* **PROBLEM REQUIREMENTS**:
Omit every picture and write out the rest of the records exactly.

Captioned web images:

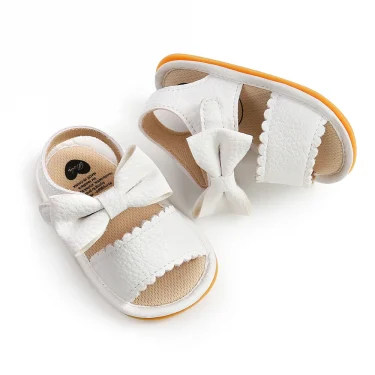 Newborn Infant Baby Boy Girls Shoes Summer Sandals Casual Soft Bottom Non-Slip Breathable Baby Shoes 1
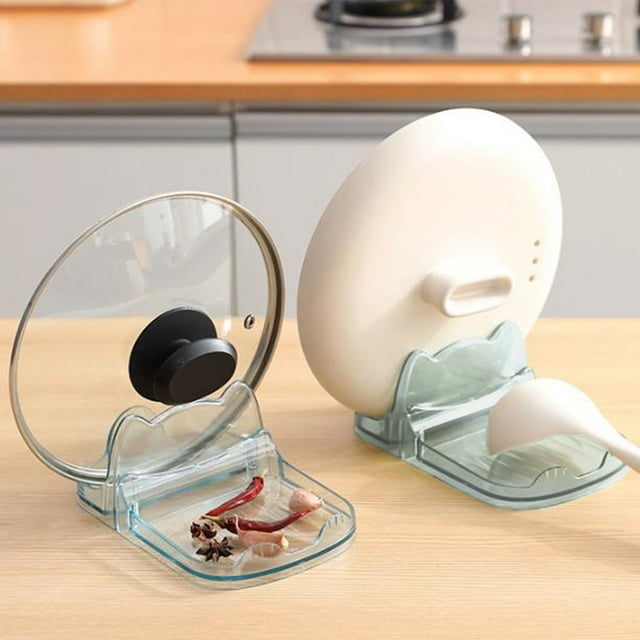 Utensilios de cocina, aparatos de cocina, tapas de ollas y sartenes, soporte para tablas de cortar, organizador de tablas de cortar, bandeja para recoger cucharas, organizador de encimeras de cocina,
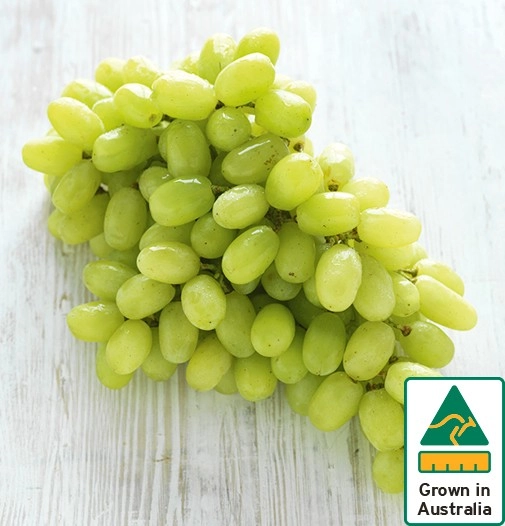 Australian White Grapes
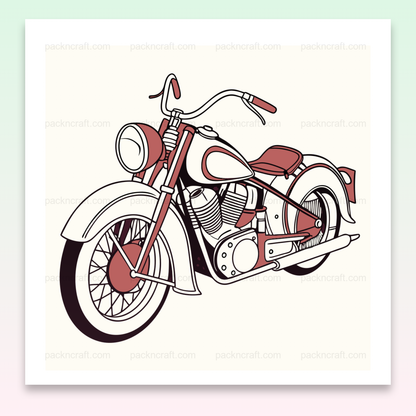 Illustration Indian Chief 1940, fichier numérique vectoriel.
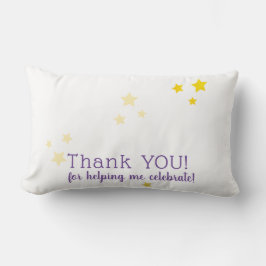 Cojín Lumbar Foto Personalizado y mensaje Narwhal Feliz cumplea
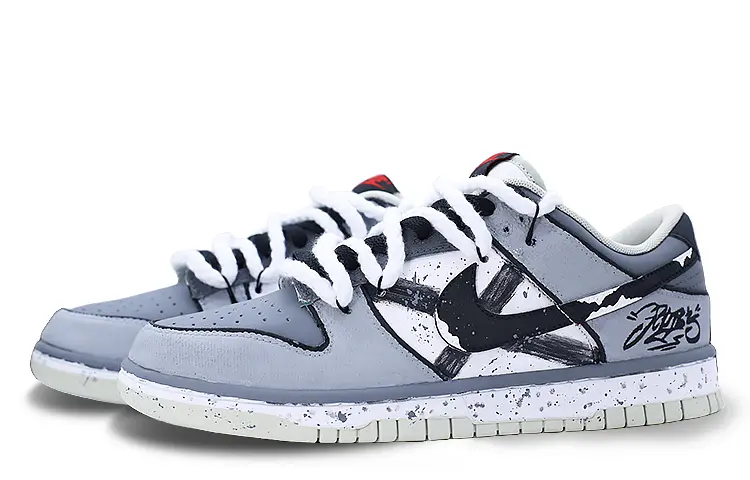 

Обувь для скейтбординга Nike Dunk унисекс, Light Gray
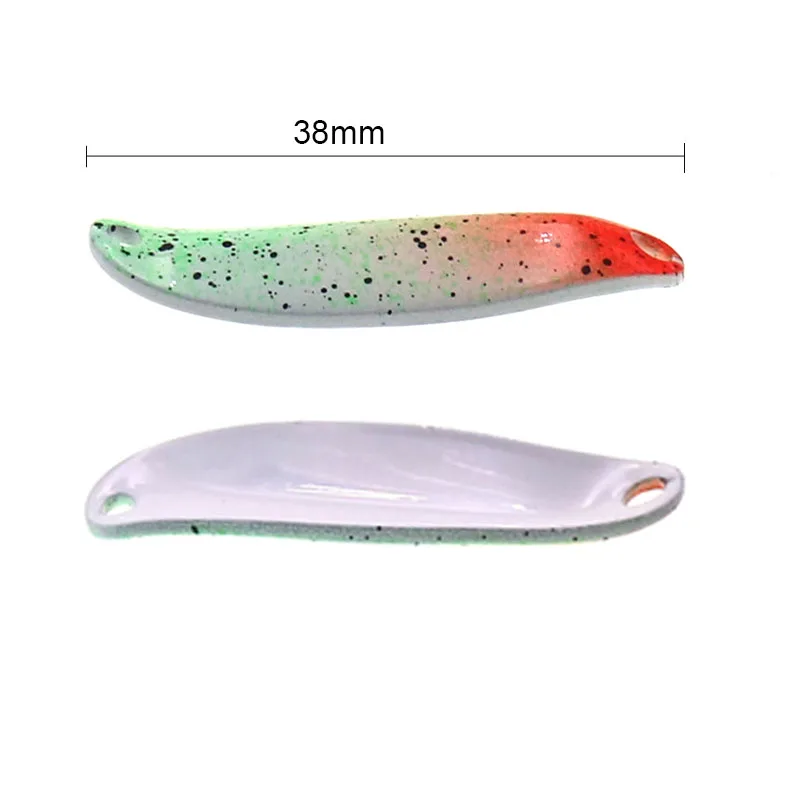 HISTOLURE Trout Area Fishing Lure Spoon Artificial Single Hook wobbler Spinning Baits 3g 38mm  Spoon For Trout Bass Pesca Tackle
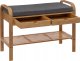 5five Szafka na buty z siedziskiem ZEN, bambus, 74 x 34 x 55 cm 1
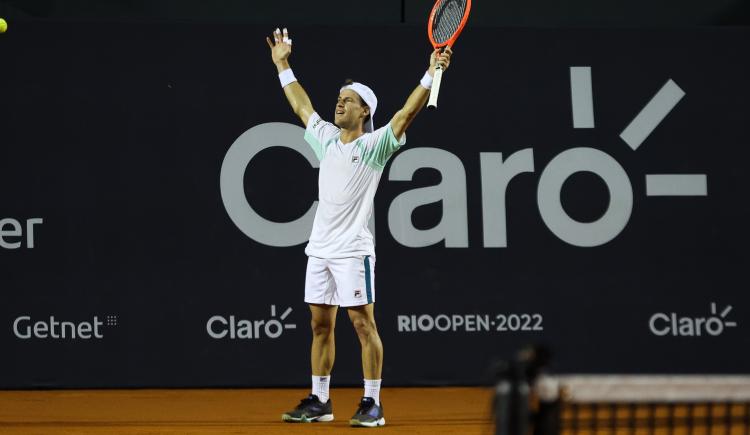 Imagen de ATP DE RÍO DE JANEIRO: JUEGAN HOY SCHWARTZMAN, CORIA, CERÚNDOLO Y DELBONIS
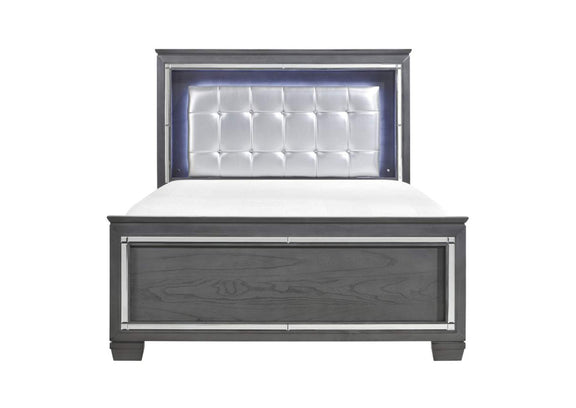1916FGY-1KIT Allura Full Bed, LED Lighting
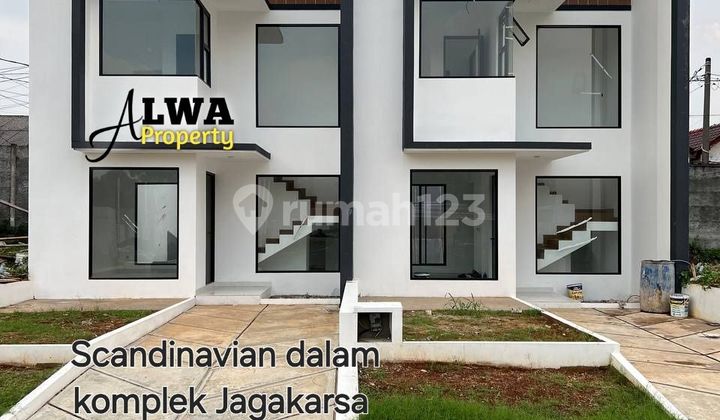 Rumah Dalam Komplek Row 6 Meter 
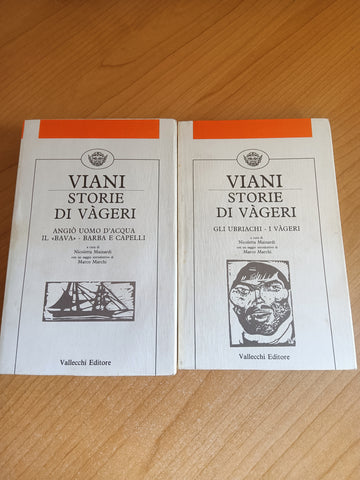 Storie di Vàgeri 2 Voll. | Viani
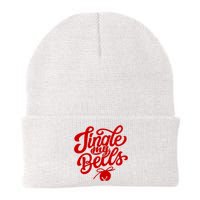 Jingle My Bells Funny Christmas Holiday Knit Cap Winter Beanie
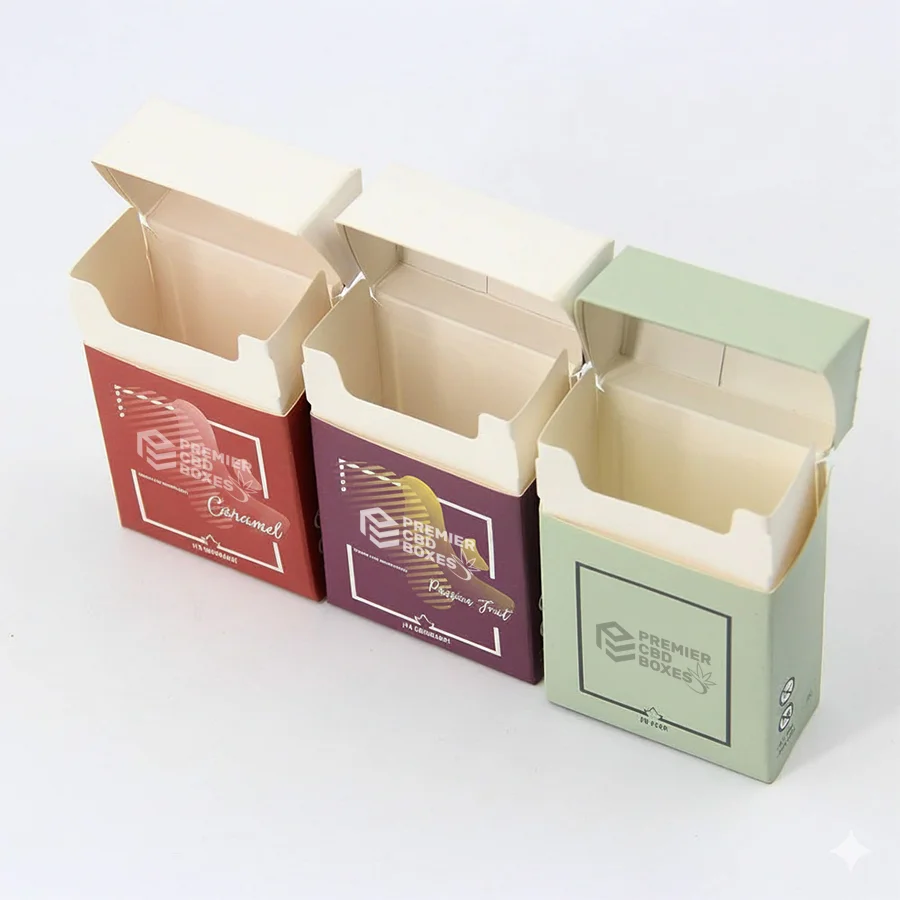 Empty Cigarette Boxes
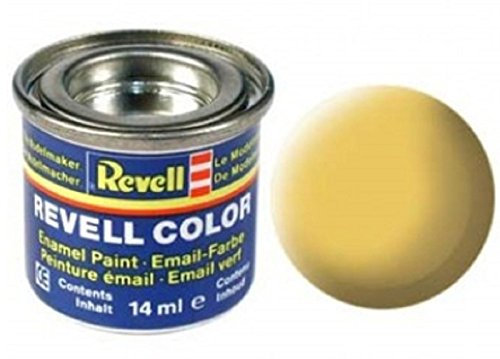Revell Emaille-Farbe, 14 ml, Afrika-Braun mit mattem Finish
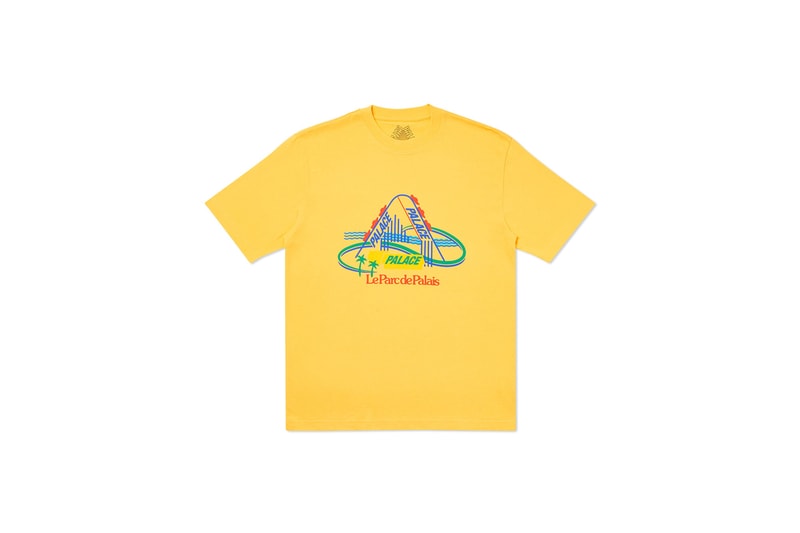Palace 正式發佈 2020 夏季 T-Shirt 及恤衫系列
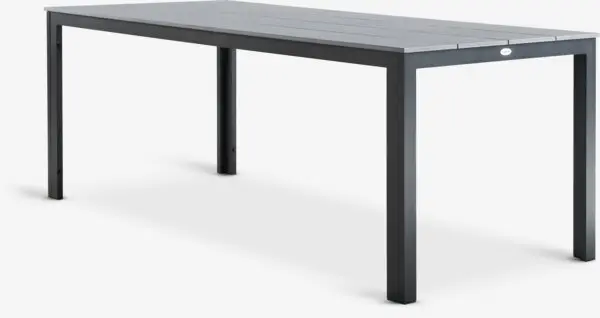 Hagebord MARIELYST B90xL205 grå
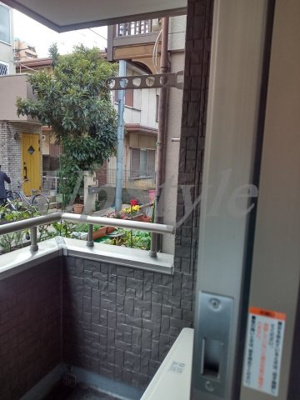 【バルコニー】 | トータスアパートメント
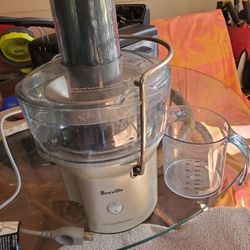 Breville Juice Fountain Compact Juicer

* **WORKED SOLUTION**:
 Newborn Infant Baby Boy Girls Shoes Summer Sandals Casual Soft Bottom Non-Slip Breathable Baby Shoes 1
 Utensilios de cocina, aparatos de cocina, tapas de ollas y sartenes, soporte para tablas de cortar, organizador de tablas de cortar, bandeja para recoger cucharas, organizador de encimeras de cocina,
 Australian White Grapes
 Illustration Indian Chief 1940, fichier numérique vectoriel.
 Cojín Lumbar Foto Personalizado y mensaje Narwhal Feliz cumplea

Обувь для скейтбординга Nike Dunk унисекс, Light Gray
 HISTOLURE Trout Area Fishing Lure Spoon Artificial Single Hook wobbler Spinning Baits 3g 38mm  Spoon For Trout Bass Pesca Tackle
 5five Szafka na buty z siedziskiem ZEN, bambus, 74 x 34 x 55 cm 1
 Imagen de ATP DE RÍO DE JANEIRO: JUEGAN HOY SCHWARTZMAN, CORIA, CERÚNDOLO Y DELBONIS
1916FGY-1KIT Allura Full Bed, LED Lighting
 Rumah Dalam Komplek Row 6 Meter 
 Storie di Vàgeri 2 Voll. | Viani
 Jingle My Bells Funny Christmas Holiday Knit Cap Winter Beanie
 Empty Cigarette Boxes
Revell Emaille-Farbe, 14 ml, Afrika-Braun mit mattem Finish
Palace 正式發佈 2020 夏季 T-Shirt 及恤衫系列
 Hagebord MARIELYST B90xL205 grå
 【バルコニー】 | トータスアパートメント
 Breville Juice Fountain Compact Juicer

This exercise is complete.